Les expérimentations de Stokowski vont bien au-delà de la scène et de la salle de concert. Premier chef d’orchestre à expérimenter les nouvelles technologies, le maestro de Philadelphie est notamment l'un des premiers  à reconnaître l'importance de l’enregistrement et de la reproduction sonore électrique et entreprend presque à lui seul de rendre disponible sur phonographe les œuvres majeures du répertoire orchestral.

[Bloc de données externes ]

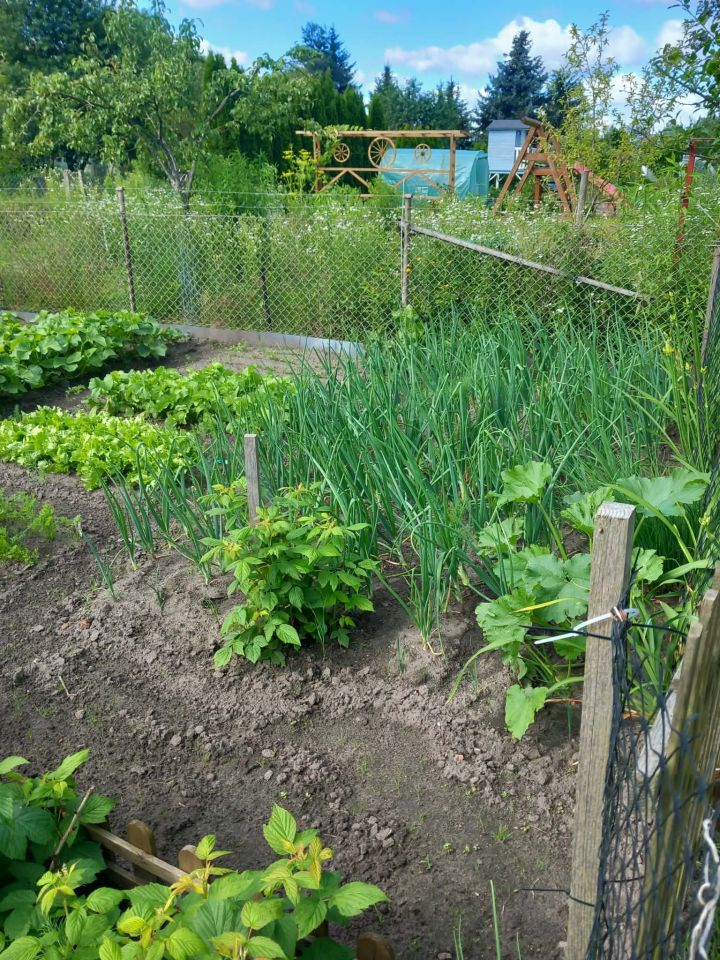 Działka rod Stargard Centrum, Drzymały. Zdjęcie 5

En 1925, Stokowski et l'Orchestre de Philadelphie réalisent les premiers enregistrements orchestraux en utilisant le nouveau procédé électrique. En 1930, ils entament une décennie d'expérimentations avec le Bell Telephone Laboratories, branche de recherche de l'American Telephone & Telegraph Company.

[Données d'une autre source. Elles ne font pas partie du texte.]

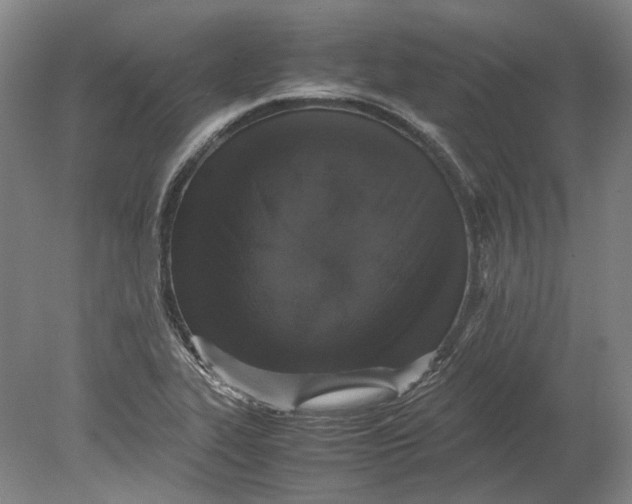 X0000080681319200701051024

La collaboration entre Stokowski et le laboratoire Bell Telephone marque une nouvelle étape dans l'histoire de la reproduction sonore électrique, tournant décisif dans la relation entre la musique classique et les technologies électriques. Par ses expérimentations, Stokowski parvient notamment à rendre le phonographe musicalement intéressant à une époque où les préjugés contre la « musique en conserve » sont largement répandus. Ces expériences aboutissent aux premiers enregistrements stéréo de musique orchestrale, réalisés 1931-32.

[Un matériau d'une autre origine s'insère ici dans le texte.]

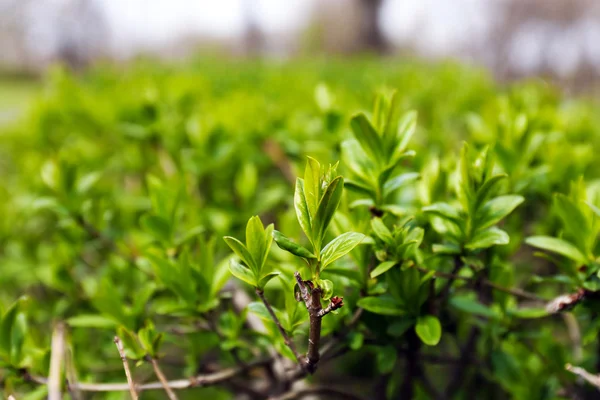 Greens leaves on tree twigs in spring close up — Stock Photo, Image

Le gout de Leopold Stokowski pour les nouvelles tendances concernent également son propre corps. Arrivé aux Etats-Unis en 1893, le yoga est une discipline encore relativement peu connue et encore moins pratiquée par le grand public. Néanmoins, dès le début de sa carrière, Leopold Stokowski est un passionné absolu de la bonne santé, suivant un régime quotidien de yoga et de méditation, le tout accompagné d’un régime alimentaire strict. Cette maîtrise du corps lui permet notamment de gérer ses longues journées de travail, allant parfois jusqu'à 18 heures par jour, et de maintenir sa carrière de direction jusqu'à ses 95 ans.

La star « people »

Non seulement chef d’orchestre de renom, Leopold Stokowski fait également parler de lui pour les nombreux rebondissements dans sa vie privée. Entre ses trois mariages, dont l'un avec Evangeline Johnson, héritière de la dynastie Johnson & Johnson, et un autre avec Gloria Vanderbilt, autre grande dynastie américaine, il entretient plusieurs relations extra-conjugales souvent médiatisées, notamment avec la célèbre actrice Greta Garbo.

Il s’associe également à la culture populaire,  jouant au côté de Deanna Durbin dans la comédie musicale One Hundred Men and a Girl (1937). Mais c'est en 1940 qu’il marque l’histoire du cinéma avec sa prestation musicale dans Fantasia de Walt Disney. La renommée de Leopold Stokowski est alors si répandue qu’il sera même imité par Bugs Bunny en 1949. Un mot suffira pour savoir de qui on parle : Leopold.